Rahman also notes that generating income from a recycled product can be a sustainable practice as it reduces waste.

Hydrolysates as palatants

CSS Pet Nutrition – founded in 2012 by Morash – collects grocery waste such as vegetables and then sorts, heats, grinds and processes it using a proprietary enzymatic digestion technology to produce hydrolysates at its 5,000-ton-per-year facility in Sacramento, California.

Initially CSS sold these hydrolysates as a liquid fertilizer and it still maintains this line of business. But along the way, it realized that the hydrolyzed fruits and vegetables could also serve as excellent palatants for pet food.

The hydrolysis process cooks and concentrates the vegetables, “combining amino acids and simple sugars in the Maillard reaction”, explains Morash, “which is what happens when you sauté something in the pan and deglaze the pan to get the brown bits”.

The CSS product has since outperformed market-leading pet food palatants in multiple feeding trials, and the fact that supermarkets pay CSS to take the waste means it can also beat existing palatants on cost.

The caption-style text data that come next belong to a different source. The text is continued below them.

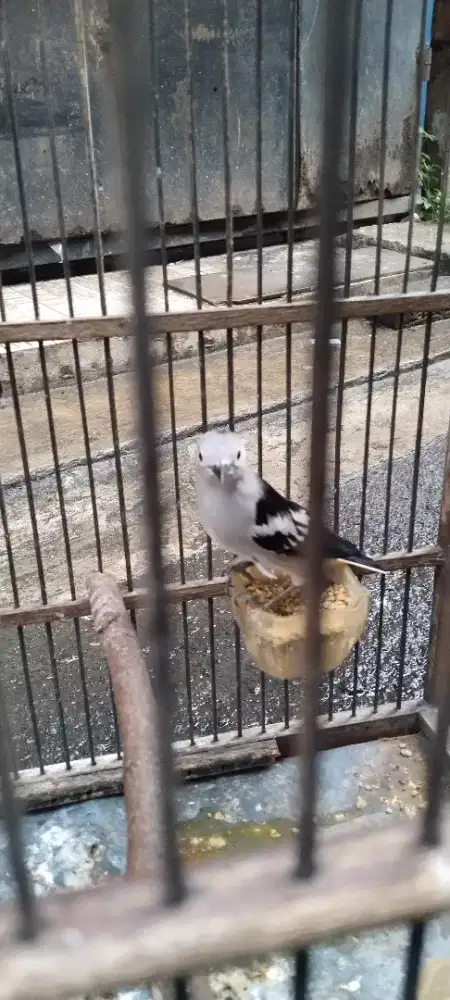 Jual murah burung kapasan rajin bunyi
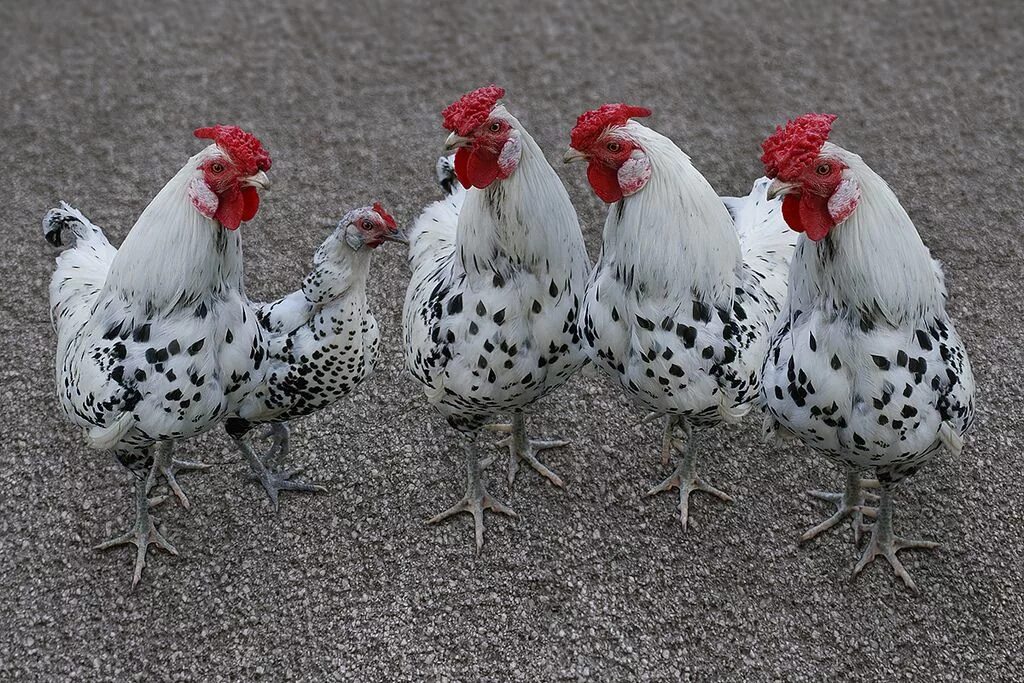 Породы кур фото и описание цена Pin on Hen Fancy chickens, Chickens backyard, Beautiful chickens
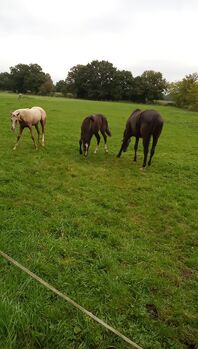 Deutsches Reitpony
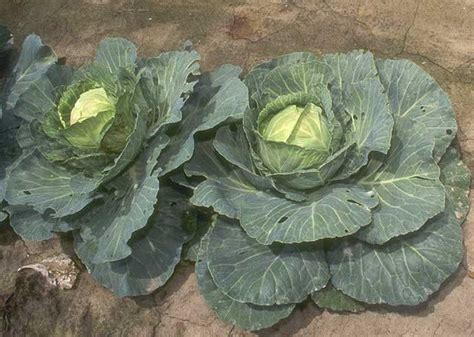 Cabbages Wiki Facts For This Cookery Ingredient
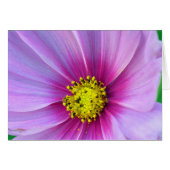 Pink Cosmos (Front Horizontal)
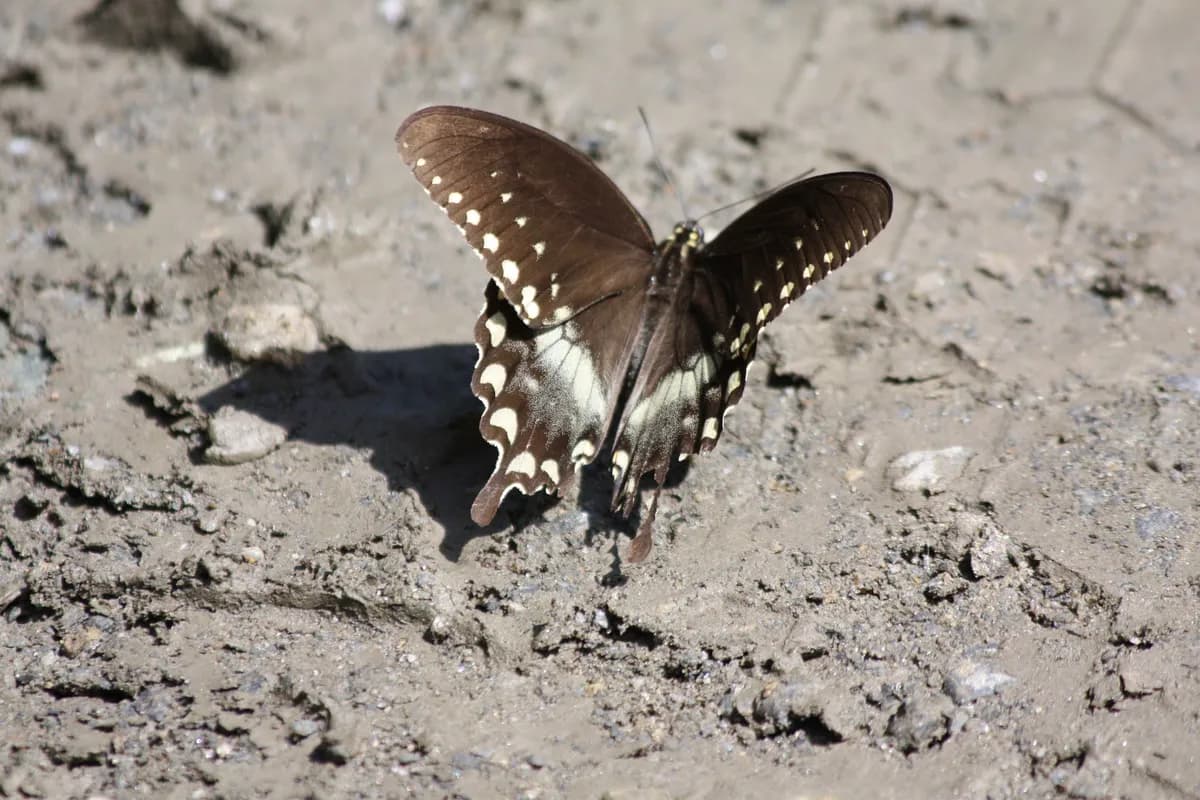 Spicebush Swallowtail (Papilio troilus)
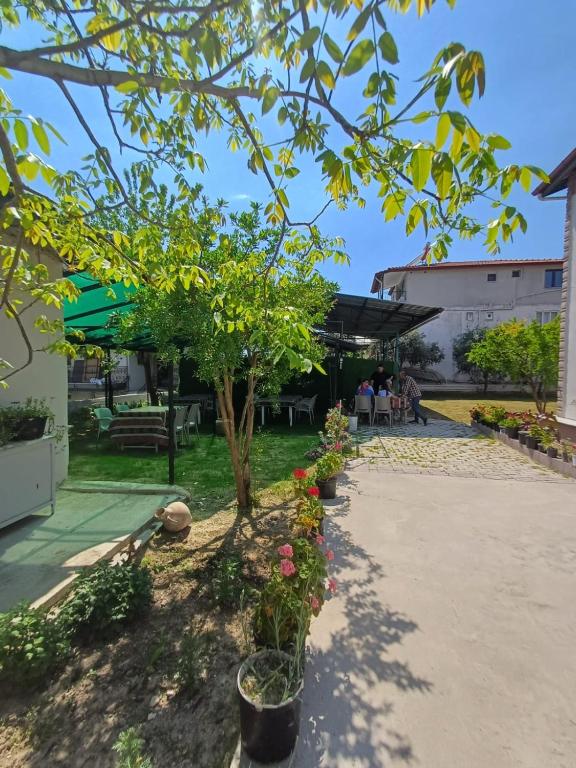 Zahrada ubytování Olive House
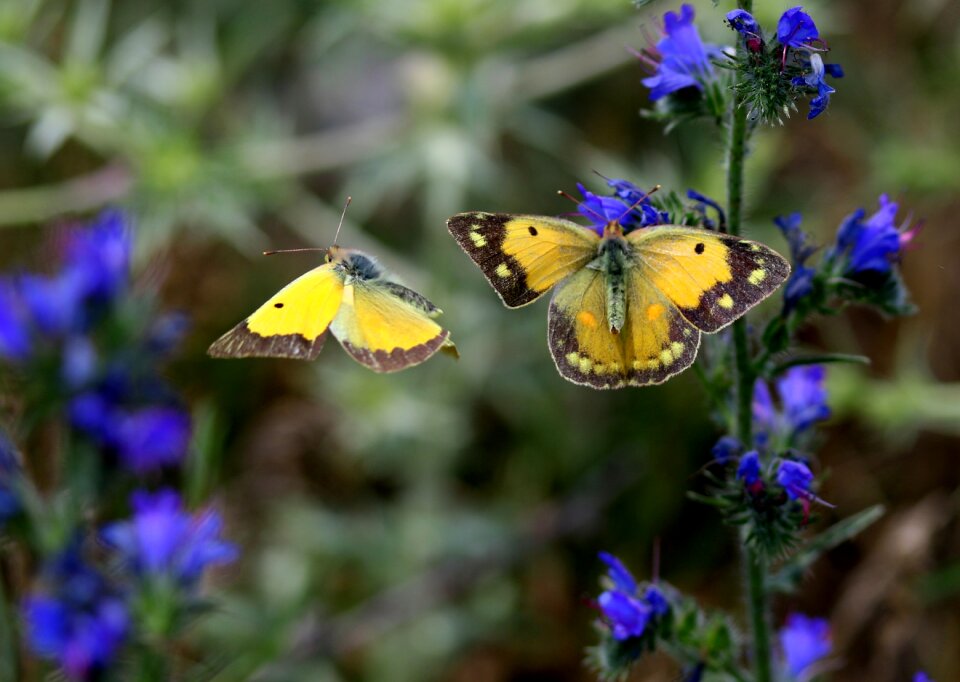Two flower insect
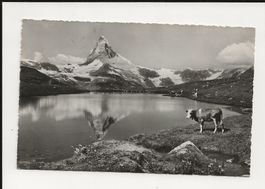 AK 1949 Zermatt Stellisee mit Matterhorn und 🐮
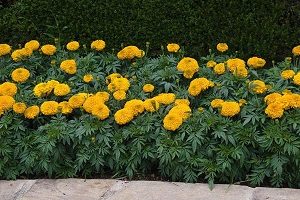 Marigolds - fotografii și sfaturi despre amenajarea de flori pe patul de flori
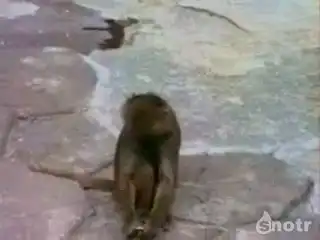 Сам себя напугался:) Сам себя напугался:)
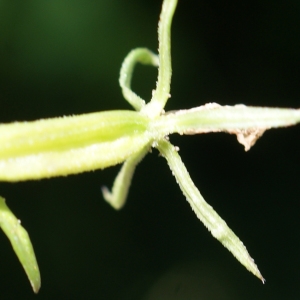 Photographie n°335743 du taxon Legousia speculum-veneris (L.) Chaix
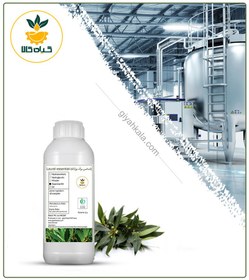 تصویر طعم دهنده برگ بو خوراکی 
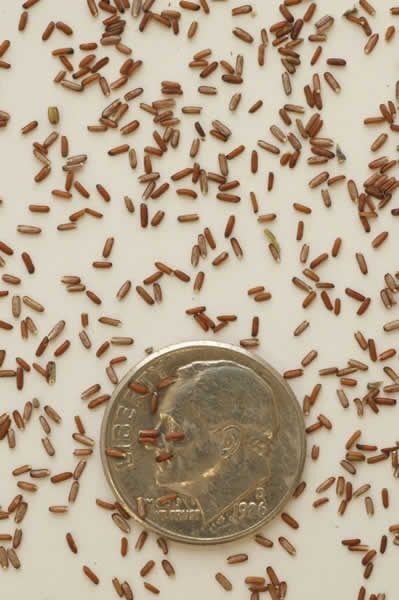  .    pinterest. com.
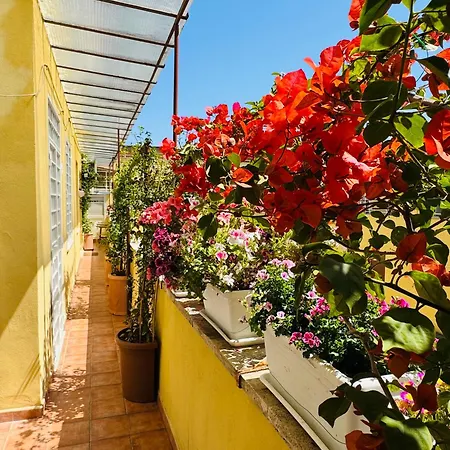 Otranto 36 Rome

Furthermore, the company has conducted a life-cycle analysis that suggests that for every ton of food it recovers, it eliminates 1.7 tons of equivalent greenhouse gas emissions.

“The conventional palatant is hydrolyzed chicken livers, and when you look at the carbon footprint of feeding and growing chickens, versus us taking fruits and vegetables that would otherwise go into landfill, you are substituting something with a big carbon footprint for something that has a small carbon footprint,” says Morash.

Further benefits in pet food

Hydrolysis can come with a variety of other benefits. Depending on the exact process and feedstock used, protein hydrolysates can contain valuable antioxidants or even offer antimicrobial properties that can extend the shelf life of pet food.

Some offer better technical functions, such as improved solubility or texture, while some offer a better nutritional profile, with more digestible proteins and bioavailable amino acids.

Most of the differences come from variations in potential feedstocks. In studies by Li’s research team, hydrolyzing corn gluten meal and distillers’ dried grains with solubles produced hydrolysates high in antioxidants with interesting emulsification properties.

A 2024 study led by Rahman at the IVRI demonstrated that hydrolyzing chicken feathers yielded a protein rich in histidine, arginine and lysine.

Potential drawbacks

While promising, hydrolysates are not without potential drawbacks. KSU’s Professor Li states that not every hydrolysate will perform well as a palatant – the process worsens the flavor of some feedstocks even as it improves the flavor of others.

Cost, Li notes, could also be an issue. “You could use some acid or alkali to break down the protein,” he says. “Acid or alkali would be cheaper, but the enzyme is more specific and we can better control the process.”

Furthermore, in Rahman’s research, feeding large quantities of hydrolysates triggered diarrhea in pets, which could potentially limit inclusion rates.

But at least within the US, consumer acceptance could prove the biggest challenge. Rahman doesn’t think hydrolysates made from ingredients such as corn or chicken should pose an issue, but the inclusion of food waste could be where some consumers draw the line.

Some advocacy groups have decried the use of waste products in pet food and complained that hydrolyzed food waste products lack transparency. These concerns mean that consumer education – and quality control – will be key to accelerating the use of hydrolysates in pet food.

“In other countries utilizing byproducts or waste can be more acceptable than in the US,” says Li. “We definitely need to make the consumer aware that this can be safe and even better quality, but at the same time we have to ensure the raw materials and the products are safe.”